It might be the most dynamic region in the world but the Asia Pacific isn’t meeting its economic potential, and some of that has to do with gender equality, according to the McKinsey Global Institute.
 

Targeted policies to achieve more women’s equality in Asia-Pacific economies could add $4.5 trillion to the region’s combined annual gross domestic product by 2025, or 12 percent better than if the status quo were maintained, MGI, the business and economics research arm of McKinsey & Co, said in a report Tuesday.
 

“Women can help — and are helping — to power this engine, making vital contributions to sustaining and enhancing Asia’s growth and lifting more people out of poverty,” the report’s authors wrote. “Yet gaps remain large in many countries in the region on genderequality both in work and in society.”
 

The researchers estimate that 58 per cent of that potential growth would be from raising women’s labour-force participation rate, a quarter from putting more women to work in higher-productivity sectors and 17 percent from boosting women’s work hours.
 

MGI judged 18 economies in the region for gender equality in work and in society.

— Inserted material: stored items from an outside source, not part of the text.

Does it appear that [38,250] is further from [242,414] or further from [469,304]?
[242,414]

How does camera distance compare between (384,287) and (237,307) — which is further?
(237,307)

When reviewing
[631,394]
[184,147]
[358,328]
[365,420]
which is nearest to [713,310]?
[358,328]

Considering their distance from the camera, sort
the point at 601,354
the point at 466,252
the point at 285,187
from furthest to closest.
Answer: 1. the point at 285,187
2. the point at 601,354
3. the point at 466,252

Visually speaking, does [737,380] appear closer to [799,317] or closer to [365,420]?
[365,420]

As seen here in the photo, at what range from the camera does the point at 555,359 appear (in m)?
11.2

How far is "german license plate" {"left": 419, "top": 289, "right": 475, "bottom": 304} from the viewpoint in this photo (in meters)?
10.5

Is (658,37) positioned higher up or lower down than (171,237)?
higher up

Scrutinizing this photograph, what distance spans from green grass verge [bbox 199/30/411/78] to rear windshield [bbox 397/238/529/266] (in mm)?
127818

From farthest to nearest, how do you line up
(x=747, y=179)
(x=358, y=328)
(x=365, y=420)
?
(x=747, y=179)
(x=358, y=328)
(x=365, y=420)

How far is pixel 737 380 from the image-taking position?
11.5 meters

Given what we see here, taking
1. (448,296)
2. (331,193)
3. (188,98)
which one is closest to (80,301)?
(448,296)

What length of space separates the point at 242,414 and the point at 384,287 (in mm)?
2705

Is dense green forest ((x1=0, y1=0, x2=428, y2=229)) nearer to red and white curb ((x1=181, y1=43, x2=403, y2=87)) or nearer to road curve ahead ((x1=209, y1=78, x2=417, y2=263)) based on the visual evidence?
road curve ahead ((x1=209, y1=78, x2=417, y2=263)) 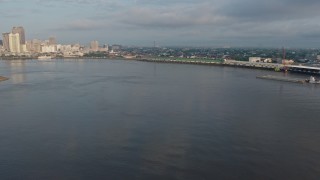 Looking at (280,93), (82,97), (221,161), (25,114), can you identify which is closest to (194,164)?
(221,161)

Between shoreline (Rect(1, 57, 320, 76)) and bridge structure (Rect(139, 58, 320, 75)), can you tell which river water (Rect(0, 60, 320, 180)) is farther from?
shoreline (Rect(1, 57, 320, 76))

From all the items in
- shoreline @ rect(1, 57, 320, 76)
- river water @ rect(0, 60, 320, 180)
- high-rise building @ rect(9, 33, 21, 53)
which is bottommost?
river water @ rect(0, 60, 320, 180)

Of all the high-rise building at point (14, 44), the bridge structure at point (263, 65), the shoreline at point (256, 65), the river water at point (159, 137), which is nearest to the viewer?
the river water at point (159, 137)

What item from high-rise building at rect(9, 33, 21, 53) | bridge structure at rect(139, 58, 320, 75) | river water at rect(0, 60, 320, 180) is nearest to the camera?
river water at rect(0, 60, 320, 180)

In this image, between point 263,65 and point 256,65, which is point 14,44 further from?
point 263,65

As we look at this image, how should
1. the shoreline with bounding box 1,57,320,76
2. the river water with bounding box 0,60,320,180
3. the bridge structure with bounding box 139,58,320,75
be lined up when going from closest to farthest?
the river water with bounding box 0,60,320,180, the bridge structure with bounding box 139,58,320,75, the shoreline with bounding box 1,57,320,76

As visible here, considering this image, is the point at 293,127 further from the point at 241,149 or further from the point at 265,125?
the point at 241,149

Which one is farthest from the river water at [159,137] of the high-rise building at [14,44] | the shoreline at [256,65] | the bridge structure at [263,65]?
the high-rise building at [14,44]

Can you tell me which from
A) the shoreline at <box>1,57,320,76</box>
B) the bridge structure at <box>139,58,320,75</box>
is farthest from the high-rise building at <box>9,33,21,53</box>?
the bridge structure at <box>139,58,320,75</box>

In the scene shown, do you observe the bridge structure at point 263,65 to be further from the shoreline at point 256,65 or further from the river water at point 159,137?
the river water at point 159,137

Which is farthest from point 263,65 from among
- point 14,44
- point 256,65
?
point 14,44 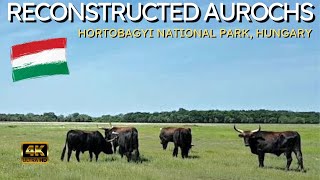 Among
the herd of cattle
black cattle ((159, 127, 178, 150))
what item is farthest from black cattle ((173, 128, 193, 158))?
the herd of cattle

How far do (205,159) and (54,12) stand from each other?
34.8 ft

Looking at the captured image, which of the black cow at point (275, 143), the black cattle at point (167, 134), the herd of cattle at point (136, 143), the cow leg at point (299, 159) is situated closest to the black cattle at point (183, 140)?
the black cattle at point (167, 134)

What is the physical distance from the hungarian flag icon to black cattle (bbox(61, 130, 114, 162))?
3.82 metres

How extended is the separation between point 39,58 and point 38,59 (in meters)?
0.07

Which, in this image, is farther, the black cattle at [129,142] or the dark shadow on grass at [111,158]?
the dark shadow on grass at [111,158]

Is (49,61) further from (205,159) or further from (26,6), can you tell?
(205,159)

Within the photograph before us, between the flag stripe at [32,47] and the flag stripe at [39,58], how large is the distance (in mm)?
163

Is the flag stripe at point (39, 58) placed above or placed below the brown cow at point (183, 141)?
above

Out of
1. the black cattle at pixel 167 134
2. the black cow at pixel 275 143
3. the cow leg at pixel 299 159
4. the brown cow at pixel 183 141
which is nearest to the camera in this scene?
the cow leg at pixel 299 159

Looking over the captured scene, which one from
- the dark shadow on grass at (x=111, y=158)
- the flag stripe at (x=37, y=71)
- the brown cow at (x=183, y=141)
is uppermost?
the flag stripe at (x=37, y=71)

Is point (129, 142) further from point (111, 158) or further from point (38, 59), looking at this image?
point (38, 59)

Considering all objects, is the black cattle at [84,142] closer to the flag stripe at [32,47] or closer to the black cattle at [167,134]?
the flag stripe at [32,47]

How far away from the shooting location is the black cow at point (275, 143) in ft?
70.3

On the work metrics, the Philippines was lauded for progress, followed by New Zealand and Singapore. India and Pakistan were judged furthest from gender parity in work.
 

While there are fewer than four women globally in leadership roles to every 10 men, the ratio is only one in four in the Asia-Pacific region, according to the report. On societal metrics, South and Southeast Asia offers a lot of potential for gender parity in digital and financial inclusion, while physical security and autonomy are considered greater worries.